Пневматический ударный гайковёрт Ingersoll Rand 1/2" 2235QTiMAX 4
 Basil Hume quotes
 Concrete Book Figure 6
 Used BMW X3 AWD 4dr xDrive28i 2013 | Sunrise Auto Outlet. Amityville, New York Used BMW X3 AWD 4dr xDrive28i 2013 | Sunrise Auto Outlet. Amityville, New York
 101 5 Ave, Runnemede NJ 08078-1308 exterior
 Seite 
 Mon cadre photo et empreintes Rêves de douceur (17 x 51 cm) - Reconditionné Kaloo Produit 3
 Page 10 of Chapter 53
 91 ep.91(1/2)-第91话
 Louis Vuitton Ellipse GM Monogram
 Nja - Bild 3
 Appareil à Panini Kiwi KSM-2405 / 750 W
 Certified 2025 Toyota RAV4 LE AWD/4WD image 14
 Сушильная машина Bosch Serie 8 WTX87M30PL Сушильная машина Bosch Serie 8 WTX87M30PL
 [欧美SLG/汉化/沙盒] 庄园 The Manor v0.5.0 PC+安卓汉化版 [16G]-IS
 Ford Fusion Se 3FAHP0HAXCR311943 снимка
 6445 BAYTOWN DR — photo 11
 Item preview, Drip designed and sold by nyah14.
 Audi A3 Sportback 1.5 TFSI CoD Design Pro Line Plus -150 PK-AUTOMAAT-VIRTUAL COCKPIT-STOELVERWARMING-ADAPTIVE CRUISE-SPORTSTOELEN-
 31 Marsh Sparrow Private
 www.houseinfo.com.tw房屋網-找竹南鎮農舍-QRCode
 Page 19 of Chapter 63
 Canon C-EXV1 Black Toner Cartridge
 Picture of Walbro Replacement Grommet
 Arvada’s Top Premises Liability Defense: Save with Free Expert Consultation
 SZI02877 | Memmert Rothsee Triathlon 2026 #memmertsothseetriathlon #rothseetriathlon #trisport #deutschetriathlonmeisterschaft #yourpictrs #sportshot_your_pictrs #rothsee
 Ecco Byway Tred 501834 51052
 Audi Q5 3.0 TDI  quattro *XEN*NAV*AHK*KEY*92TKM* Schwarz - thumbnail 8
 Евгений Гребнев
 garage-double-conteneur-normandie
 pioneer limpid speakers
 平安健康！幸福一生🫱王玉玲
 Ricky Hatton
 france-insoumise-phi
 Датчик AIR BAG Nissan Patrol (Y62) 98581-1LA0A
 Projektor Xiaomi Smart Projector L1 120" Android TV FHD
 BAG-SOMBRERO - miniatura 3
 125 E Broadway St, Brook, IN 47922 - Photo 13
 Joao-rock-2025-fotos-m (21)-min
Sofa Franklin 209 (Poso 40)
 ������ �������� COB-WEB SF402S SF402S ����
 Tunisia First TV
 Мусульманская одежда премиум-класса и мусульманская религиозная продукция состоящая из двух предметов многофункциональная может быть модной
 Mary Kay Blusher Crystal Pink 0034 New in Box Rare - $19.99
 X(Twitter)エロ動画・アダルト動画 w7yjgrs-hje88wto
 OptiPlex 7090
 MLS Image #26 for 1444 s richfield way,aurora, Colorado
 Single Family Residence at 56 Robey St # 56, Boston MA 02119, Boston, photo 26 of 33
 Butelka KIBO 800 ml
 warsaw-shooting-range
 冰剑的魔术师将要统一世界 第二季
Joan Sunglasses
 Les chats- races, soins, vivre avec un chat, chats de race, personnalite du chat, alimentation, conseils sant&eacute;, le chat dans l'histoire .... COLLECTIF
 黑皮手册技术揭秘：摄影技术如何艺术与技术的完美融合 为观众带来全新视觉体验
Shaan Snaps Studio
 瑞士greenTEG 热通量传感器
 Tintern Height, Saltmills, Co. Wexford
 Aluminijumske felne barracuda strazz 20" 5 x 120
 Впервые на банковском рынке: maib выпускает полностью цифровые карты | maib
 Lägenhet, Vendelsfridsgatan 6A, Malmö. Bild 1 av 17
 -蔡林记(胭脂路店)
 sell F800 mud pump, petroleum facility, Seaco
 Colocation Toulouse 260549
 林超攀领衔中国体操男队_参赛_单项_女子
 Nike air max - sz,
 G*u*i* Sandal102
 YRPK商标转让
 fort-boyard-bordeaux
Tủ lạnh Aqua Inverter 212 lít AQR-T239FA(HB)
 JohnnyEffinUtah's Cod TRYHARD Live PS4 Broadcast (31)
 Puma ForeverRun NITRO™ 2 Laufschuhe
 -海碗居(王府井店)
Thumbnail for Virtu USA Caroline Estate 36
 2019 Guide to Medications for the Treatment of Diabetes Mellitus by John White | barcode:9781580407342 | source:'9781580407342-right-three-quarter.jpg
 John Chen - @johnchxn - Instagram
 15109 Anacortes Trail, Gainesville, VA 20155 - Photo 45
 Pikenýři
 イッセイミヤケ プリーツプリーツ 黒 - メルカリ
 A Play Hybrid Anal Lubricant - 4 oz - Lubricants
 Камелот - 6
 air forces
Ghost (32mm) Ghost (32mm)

__EXERCISE BRIEF__
Emit, unaltered, the lines from the top of the listing down through the line that holds "Certified 2025 Toyota"; emit nothing else.

__EXERCISE SOLUTION__
Пневматический ударный гайковёрт Ingersoll Rand 1/2" 2235QTiMAX 4
 Basil Hume quotes
 Concrete Book Figure 6
 Used BMW X3 AWD 4dr xDrive28i 2013 | Sunrise Auto Outlet. Amityville, New York Used BMW X3 AWD 4dr xDrive28i 2013 | Sunrise Auto Outlet. Amityville, New York
 101 5 Ave, Runnemede NJ 08078-1308 exterior
 Seite 
 Mon cadre photo et empreintes Rêves de douceur (17 x 51 cm) - Reconditionné Kaloo Produit 3
 Page 10 of Chapter 53
 91 ep.91(1/2)-第91话
 Louis Vuitton Ellipse GM Monogram
 Nja - Bild 3
 Appareil à Panini Kiwi KSM-2405 / 750 W
 Certified 2025 Toyota RAV4 LE AWD/4WD image 14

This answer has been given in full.